Wednesday, April 12, 2006

The Doctor Is In, and She Is 30


She has already popped the secret over on her own blog, but in a characteristically circumspect way, so I don't have any qualms about blaring the truth over here, too: Dr. S, mystery proprietress of the Cabinet of Distractions, today begins her fourth decade as one of the best people on Earth. I met Dr. S in the Spring of 2000, when we were both enrolled in a graduate seminar about narratology in 19th-century British literature. It was a good class, but not great, and invitations for student involvement were rarely if ever extended by our cheerful and smart but somewhat hapless professor. And yet, and yet, with the easy grace of a gliding bird, Dr. S managed to share her voice and guide all of us toward these pristine, enthusiastic observations about these beautiful, complicated books. I have never actually sat in a classroom where Dr. S was teaching, but I have absolutely no question about the kind of world she surely creates for her students: boundless with questions, curiosities, and wonderments; exuberant, even about esoterica; finding and emphasizing the fun in intellectual refinement and discipline; eloquent and serious, but never self-seriousness. Learning alongside her is so stimulating and joyful, it quickly turns into learning from her, and then into learning to be like her.

Dr. S is a legendary baker, a funky-fresh bass player, and a font of hilarity. I love, love, love her bookish side: she reads all the Booker Prize nominees every year and is never ever satiated of new ways to enjoy language, to observe a story. Her apartment in Ithaca was a botany bay of books, magazines—you felt like books might actually thrive under her care. Her eye for detail is fabulous, and her memory constantly astonishes. She describes her family in such intimate, loving detail that I have a much fuller sense of them, despite their being virtual strangers, than I have of many people whom I have met many times. She adores witty irreverence as well as scrupulous, serious preparedness: so many of us teeter way too far in one direction or the other, but she fuses them—for example, she'll plan a road-trip with such thorough, perfect foresight that there's plenty of time for eye-catching detours and gourmet lazes.

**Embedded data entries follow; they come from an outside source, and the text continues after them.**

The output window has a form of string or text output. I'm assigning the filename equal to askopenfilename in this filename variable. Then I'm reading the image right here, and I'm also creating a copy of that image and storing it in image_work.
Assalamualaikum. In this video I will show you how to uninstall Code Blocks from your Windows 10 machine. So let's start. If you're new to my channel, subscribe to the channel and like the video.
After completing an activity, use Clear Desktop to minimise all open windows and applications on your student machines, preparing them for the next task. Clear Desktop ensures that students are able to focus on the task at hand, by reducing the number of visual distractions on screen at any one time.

Places I have been with Dr. S, feeling so glad I know her: open-air weddings, fusty conferences, lakesides, airports, floating docks, hotel rooms in unfamiliar cities and tiny towns, double-features of depressing movies, group screenings of uproarious ones. Innerspaces I have traveled with Dr. S, and how: gamboling around Thomas Hardy, gadding about with W.G. Sebald, whirligigging through Jonathan Franzen, musing with Virginia Woolf, both chuckling and bristling at Anthony Lane, smarting from the subtle stings of Persuasion-era Jane Austen.

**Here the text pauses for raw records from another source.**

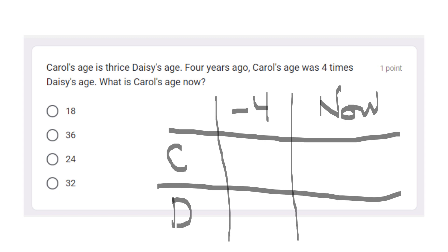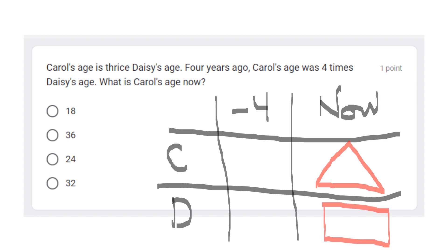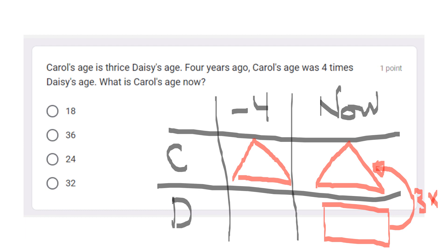Now, Carl's age — the age of Carl will appear here under 'age now.' Thrice Daisy's age — whatever Daisy's age is, times three, that gives Carl's age. Four years ago, let's look at the data for four years ago. Carl's age was four times Daisy's age — so Daisy's age at that time, times four, gives Carl's age. So this is four times.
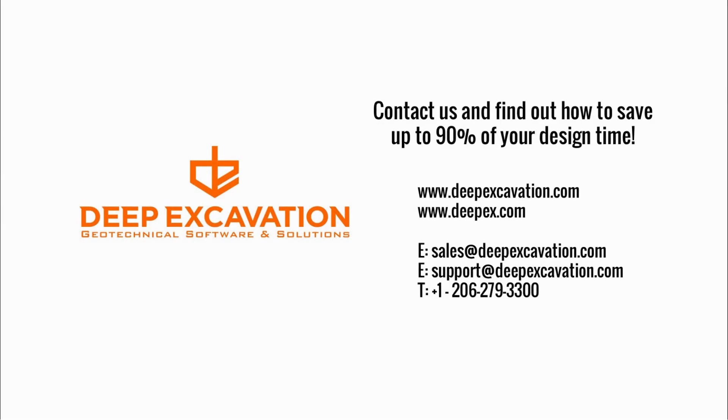Try DeepFND today, and experience a truly integrated deep foundation design workflow.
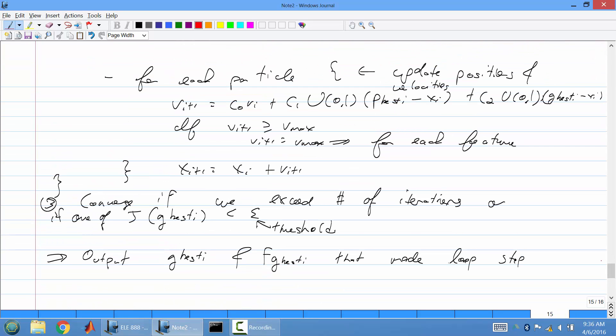Just a quick note before we start. If you take a look at your notes, I mistakenly put a 2 there, which is wrong. It should be a 1 because you want to make sure it's randomly between 0 and 1. Also, when talking about the output for particle swarm optimization, once you finally break the loop, you want to provide the best cost value and the best set of parameters that caused the loop to stop. So the output is whatever position and cost made the loop stop.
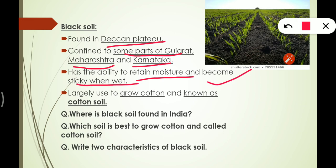Black soil has the ability to retain moisture and becomes sticky when wet — these are its key characteristics. It is largely used to grow cotton and is known as cotton soil. Key questions: which soil retains moisture? — black soil. Which soil becomes sticky when wet? — black soil.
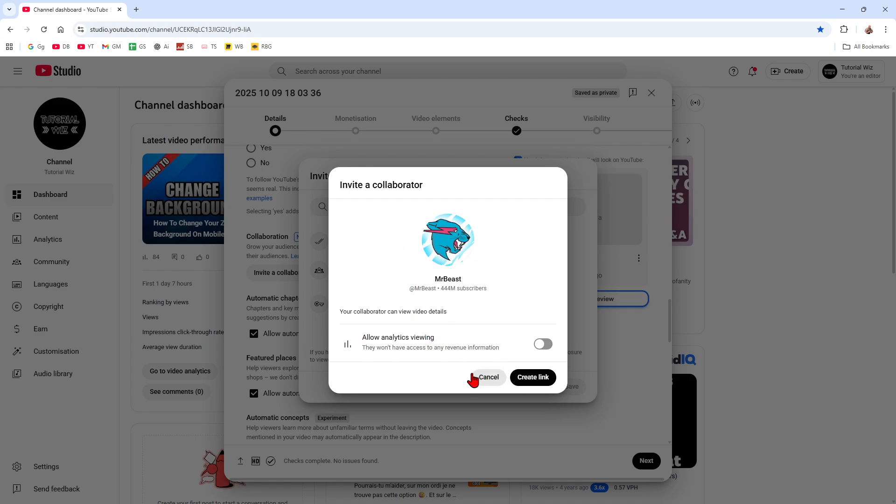Now we've got an option here to allow analytics viewing. They won't have access to any revenue information, but you can go ahead and enable that if you like.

I really and truly love her blog; it's delicious fun to feel like a privileged spectator among bigger and bigger audiences, relishing her voice and—through her terrific photographs—seeing the world as she does. She knows the makes of cars, the names of flowers, the full history of the building and department where you both work, and which you yourself take rather drably for granted. She is stunningly generous: who folds 1,000 paper cranes to decorate a reception hall? Who drives to the airport to retrieve the tiny, unpredictably precious object that post-9/11 security guards don't want you carrying on? (A longer and more bizarre story than I can articulate in full...) Who spends six years in a humanities Ph.D. program and manages to be liked by every single person?

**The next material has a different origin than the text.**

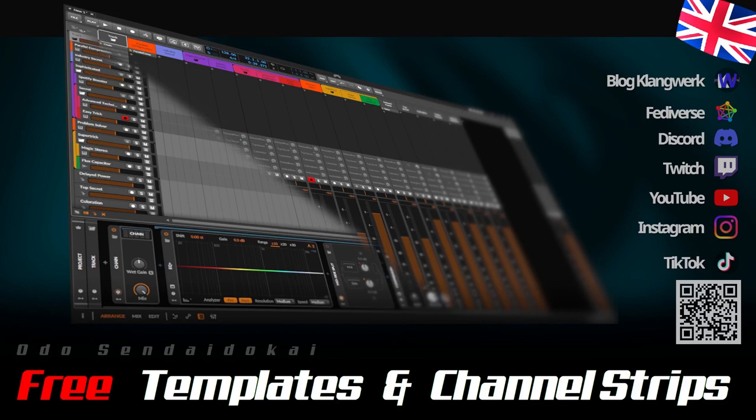Hello and a very warm welcome! My name is Odo Sendaidukei and this video is about Templates and Channel Strips.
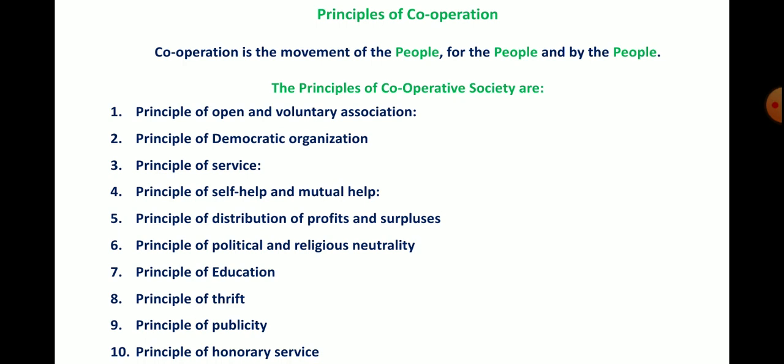The 10 principles of cooperation are: (1) principle of open and voluntary association, (2) principle of democratic organization, (3) principle of service, (4) principle of self-help and mutual help, (5) principle of distribution of profits and surpluses, (6) principle of political and religious neutrality, (7) principle of education, (8) principle of thrift (propensity to save), (9) principle of publicity, and (10) principle of honorary service.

Dr. S has all of these qualities and more, and in fact, she's so lavishly gifted that even people accustomed to taking pride in their abilities are humbled and moved by hers, regularly. Quite unwittingly, this must involve a lot of pressure: as with most people who do extraordinary things with what looks like effortlessness, she pours heroic amounts of effort into almost everything. One of those people who loves giving gifts and sharing encouragements or advice, she feels needlessly sorry when she has none to offer; her intelligence and empathy and decency are so fundamental, I imagine that giving them so freely and regularly means giving huge parts of herself, daily. So I hope, publicly, that her birthday is an occasion for her to give lots and lots and lots to herself, to delectate in as many simple pleasures as a campus in April allows, and to hear from as many people as possible that we love not just everything she does but everything she is.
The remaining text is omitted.